Opinião

Conceito de liberdade

Por José Pedro Rodrigues Gonçalves.

Armas que qualquer povo realmente necessita são livros, universidades, escolas

Atualmente entrou na moda, aqui no Brasil, falar em liberdade, exigir liberdade de opinião, não para usá-la em defesa da sociedade, mas para denegrir imagens e assassinar reputações pelo simples fato de não concordar como o pensamento do outro. 

A palavra liberdade tem origem do latim libertas, que é a condição de um ser humano que é livre e não escravo. Dependendo do âmbito em que essa palavra é aplicada e que deve significar a capacidade de agir segundo sua própria decisão, entretanto o que tem sido visto por estas bandas é a simples repetição de palavras e atitudes que não são próprias de quem as emitem.

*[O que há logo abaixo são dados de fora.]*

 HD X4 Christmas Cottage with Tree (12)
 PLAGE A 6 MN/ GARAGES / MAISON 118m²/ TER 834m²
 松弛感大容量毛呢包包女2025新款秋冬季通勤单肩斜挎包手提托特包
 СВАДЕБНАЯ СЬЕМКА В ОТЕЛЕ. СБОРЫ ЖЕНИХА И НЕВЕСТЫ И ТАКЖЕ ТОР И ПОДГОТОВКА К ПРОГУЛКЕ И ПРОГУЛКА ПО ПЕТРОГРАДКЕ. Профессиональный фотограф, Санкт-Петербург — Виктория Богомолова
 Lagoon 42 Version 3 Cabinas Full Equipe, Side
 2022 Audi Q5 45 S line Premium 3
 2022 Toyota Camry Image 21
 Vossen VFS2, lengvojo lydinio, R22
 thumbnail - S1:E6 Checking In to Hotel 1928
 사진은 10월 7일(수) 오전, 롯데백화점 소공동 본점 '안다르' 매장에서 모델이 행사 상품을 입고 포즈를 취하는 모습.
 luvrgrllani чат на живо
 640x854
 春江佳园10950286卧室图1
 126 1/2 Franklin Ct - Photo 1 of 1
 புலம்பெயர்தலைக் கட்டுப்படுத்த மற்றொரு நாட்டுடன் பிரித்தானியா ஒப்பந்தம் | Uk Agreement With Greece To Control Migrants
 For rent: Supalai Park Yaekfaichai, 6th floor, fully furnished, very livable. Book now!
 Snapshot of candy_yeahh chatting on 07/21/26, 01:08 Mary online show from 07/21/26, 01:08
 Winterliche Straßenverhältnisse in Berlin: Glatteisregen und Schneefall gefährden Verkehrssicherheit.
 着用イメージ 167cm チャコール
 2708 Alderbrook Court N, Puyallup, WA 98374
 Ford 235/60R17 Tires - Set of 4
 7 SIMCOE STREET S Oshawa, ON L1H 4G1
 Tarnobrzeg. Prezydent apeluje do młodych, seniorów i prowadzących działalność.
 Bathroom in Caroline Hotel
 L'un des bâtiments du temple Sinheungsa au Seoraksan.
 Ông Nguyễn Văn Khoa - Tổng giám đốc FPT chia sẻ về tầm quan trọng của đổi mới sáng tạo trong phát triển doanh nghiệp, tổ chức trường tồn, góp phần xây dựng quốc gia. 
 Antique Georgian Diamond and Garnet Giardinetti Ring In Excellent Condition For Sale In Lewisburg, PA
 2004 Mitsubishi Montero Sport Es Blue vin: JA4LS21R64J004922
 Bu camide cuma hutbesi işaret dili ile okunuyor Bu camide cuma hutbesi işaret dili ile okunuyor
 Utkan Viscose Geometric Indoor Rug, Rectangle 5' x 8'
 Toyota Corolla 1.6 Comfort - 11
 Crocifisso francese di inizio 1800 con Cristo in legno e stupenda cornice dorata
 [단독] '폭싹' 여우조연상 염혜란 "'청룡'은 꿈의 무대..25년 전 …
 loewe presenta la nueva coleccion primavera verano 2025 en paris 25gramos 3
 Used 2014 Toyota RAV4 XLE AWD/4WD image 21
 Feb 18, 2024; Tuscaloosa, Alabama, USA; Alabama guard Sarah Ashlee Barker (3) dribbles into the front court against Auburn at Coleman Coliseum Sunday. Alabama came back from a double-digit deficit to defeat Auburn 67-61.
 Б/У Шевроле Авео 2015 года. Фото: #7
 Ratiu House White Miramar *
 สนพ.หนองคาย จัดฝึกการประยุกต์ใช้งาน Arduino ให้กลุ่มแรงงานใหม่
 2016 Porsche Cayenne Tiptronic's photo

Há uma bizarra e dolosa confusão entre liberdade de opinião e violência verbal, que acaba por invadir o espaço de cometimento de crime de injúria ou difamação; tudo pelo simples fato de não concordar com o que alguém pensa e acredita. Ora, todo indivíduo tem direito à autonomia, mas o que é isso, autonomia? É a capacidade de se guiar pelos próprios caminhos, a partir de suas próprias decisões, mas…

Como decidir sobre algo que não se conhece? Como decidir sobre qual caminho seguir se não se tem a menor ideia da direção que realmente deve ser seguida para se chegar ao destino seguro que foi escolhido?

Eis uma questão que não tem sido considerada pelos difamadores que, despudoradamente, afirmam convictos sobre algo que, muitas vezes, nem sequer ouviram falar e propalam pelos quatro cantos do cercadinho em que vivem, como verdades absolutas.

Por falar nisso, nenhuma verdade é absoluta, como também não existe liberdade absoluta, como pretendem as correntes libertárias da sociologia política, incluindo aí, também, os que chamo de bonecos de ventríloquo, que repetem ad nausean as maledicências dos que se intitulam semideuses.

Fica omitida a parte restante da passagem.